Conjugated equine estrogen is a commonly prescribed form of estrogen. The impact of estrogen on the risk of developing benign proliferative breast disease, which is associated with elevated risk of breast cancer, has been unclear. Some studies had been done, but the results were inconclusive.
The randomized controlled trial published online April 8 in the Journal of the National Cancer Institute involved 10,739 postmenopausal women with hysterectomy who participating in the Women's Health Initiative study. The women were either given conjugated equine estrogen or a placebo and followed for almost seven years.
Tom Rohan, M.D., Ph.D., of the Albert Einstein College of Medicine in New York and colleagues identified and examined non-cancerous breast biopsies in each of the trial arms. They found a total of 232 cases of benign proliferative breast disease with 155 among those who took estrogen supplements and 77 in the placebo group.

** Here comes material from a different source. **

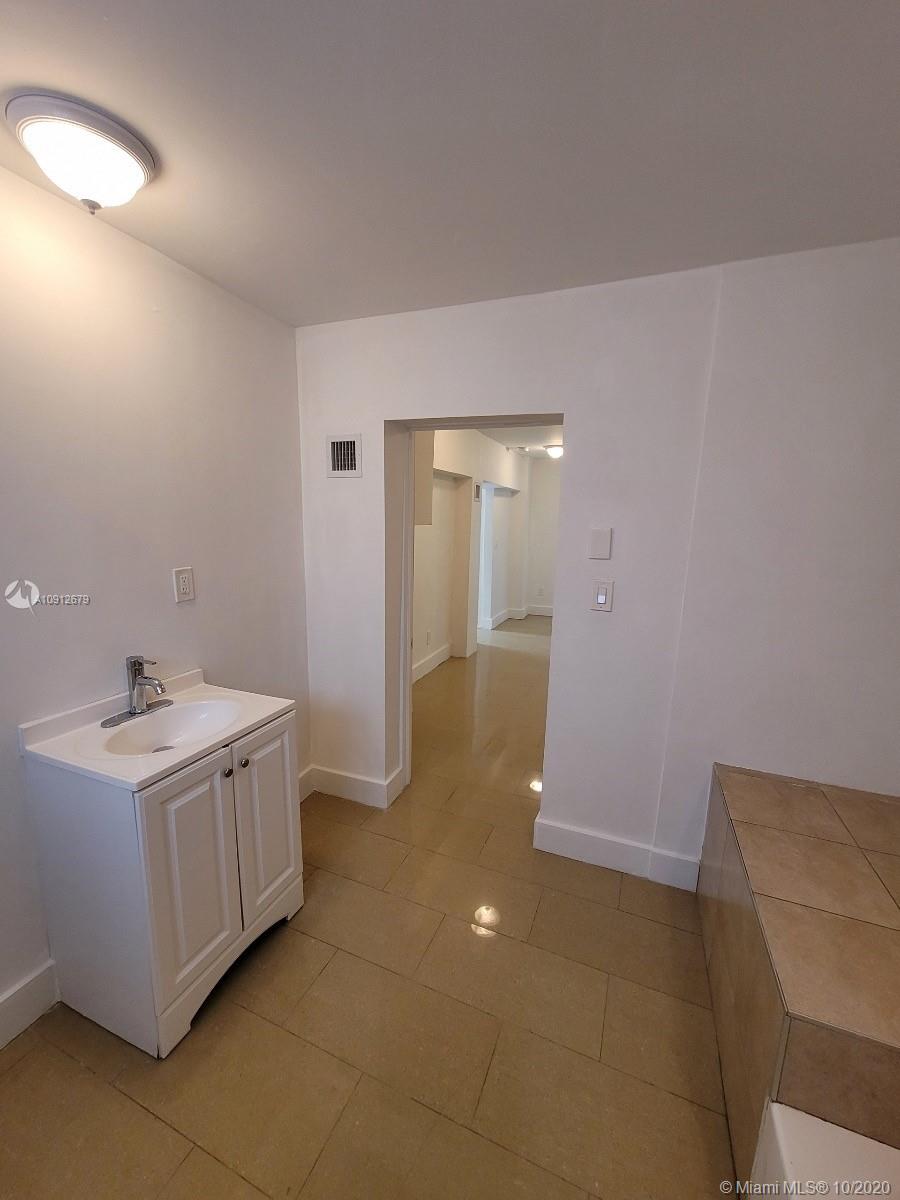 See details / 2466 sq. ft. $ 2020-08-19 0 Photo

The results showed that the risk of developing benign disease was increased by more than two-fold in women taking conjugated equine estrogen compared with those taking a placebo.
"The prevailing hypothesis concerning the natural history of breast cancer is that benign proliferative breast disease without atypia, proliferative disease with atypia, and in situ cancer represent successive steps preceding the development of invasive breast [cancer]. In keeping with this hypothesis, women with benign proliferative breast disease have an increased risk of subsequent breast cancer," the authors wrote.
Early studies found a combinational hormone therapy with estrogen and progestin increased the risk of breast cancer and other life-threatening conditions. But this women's study did not show use of estrogen alone was not associated with increased incidence of breast cancer.
The results of this current study suggested that using estrogen alone may increase the risk of breast cancer later. Regardless, estrogen is a well established risk factor for certain types of breast cancer.
Some studies have showed that women with high levels of estrogen in the blood were more likely to have recurrence of breast cancer, suggesting use of estrogen alone is not safe.
One study published in the March 2008 issue of Cancer Epidemiology, Biomarkers and Prevention showed women who had breast cancer recurrence had twice as much of estrogen in their blood as that in women who remained cancer-free.